Maison de Mlle Parker 431 Mountain Spring Drive, Blue Cove, Delaware, 01991

Broots et Sydney, assis dans le salon, discutaient de la façon dont il fallait s'y prendre pour pénétrer dans la maison et ainsi récupérer l'enfant. Il était clair qu'il leur fallait un plan. Mais lequel ? Broots et Sydney échangèrent un regard déterminé. Ils savaient tous deux que récupérer l'enfant était leur priorité absolue, mais la sécurité de tout le monde, y compris celle du petit garçon, était primordiale. Il était donc nécessaire de se montrer prudent et d'agir avec tact. Mlle Parker s'était retirée dans la cuisine pour préparer du café. Elle avait besoin de calme pour réfléchir. Elle avait du mal à rassembler ses idées. Elle était revenue quelques minutes plus tard, un plateau dans les mains, sur lequel était posé trois tasses à café. Elle prit place sur un fauteuil, silencieuse. Broots voulu lui exprimer son soutien, mais se ravisa et sur un ton peu enthousiaste, il demanda :

« Comment allons-nous faire pour arracher ce petit des griffes de Raines ? Avez-vous une idée de la manière de procéder, Mlle Parker ?

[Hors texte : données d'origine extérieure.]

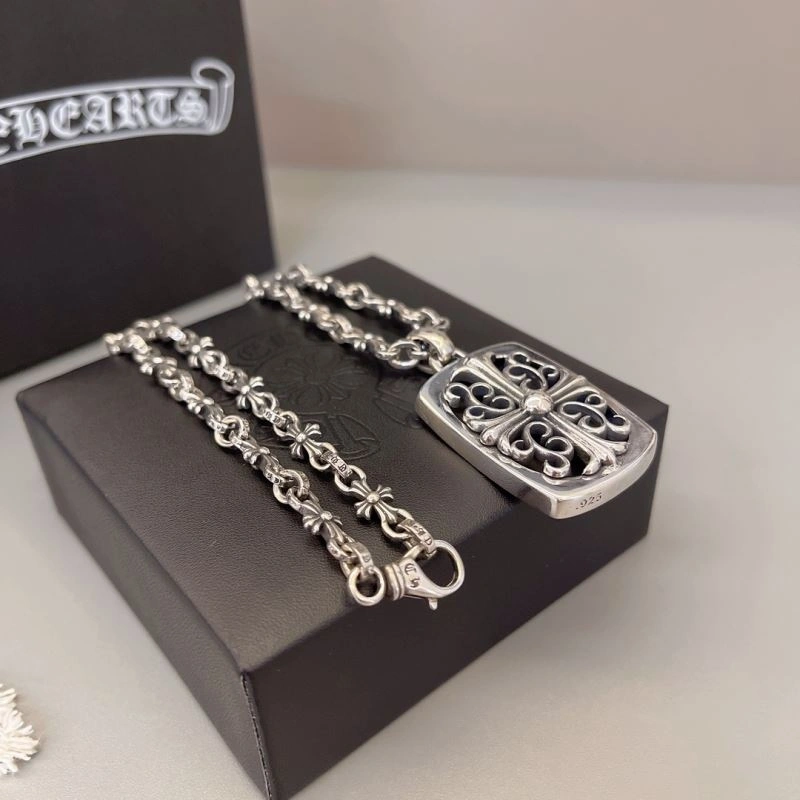Comfortable Chrome Hearts Necklaces 241661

- Non, je n'y ai pas encore réfléchi.

- Il y a une porte de garage à l'arrière de la maison, nous pourrions peut-être essayer de la forcer, proposa Broots.

- Non, je pense que cela pourrait alerter les nettoyeurs et les gardes de sécurité, répondit Sydney en secouant la tête. Nous devons trouver une autre solution. Il doit y avoir un autre moyen d'y entrer.

- Parfois, il n'est pas nécessaire de se poser trop de questions. Et avec Raines et Lyle, la réflexion n'est plus d'actualité. Il faut agir vite.

- Et qui vous a soufflé cette idée ? Jarod ?

- Pardon ?

- Ce que je dis, c'est que d'habitude, vous savez comment agir… Instinctivement.

- Si vous avez quelque chose à me dire, je vous en prie, Broots, dites-le !

- Si je peux me montrer honnête avec vous, je trouve que depuis votre retour de Carthis, vous avez changé. Vous n'êtes plus la même.

- Que voulez-vous dire ? Allez-y. Allez au fond de votre pensée !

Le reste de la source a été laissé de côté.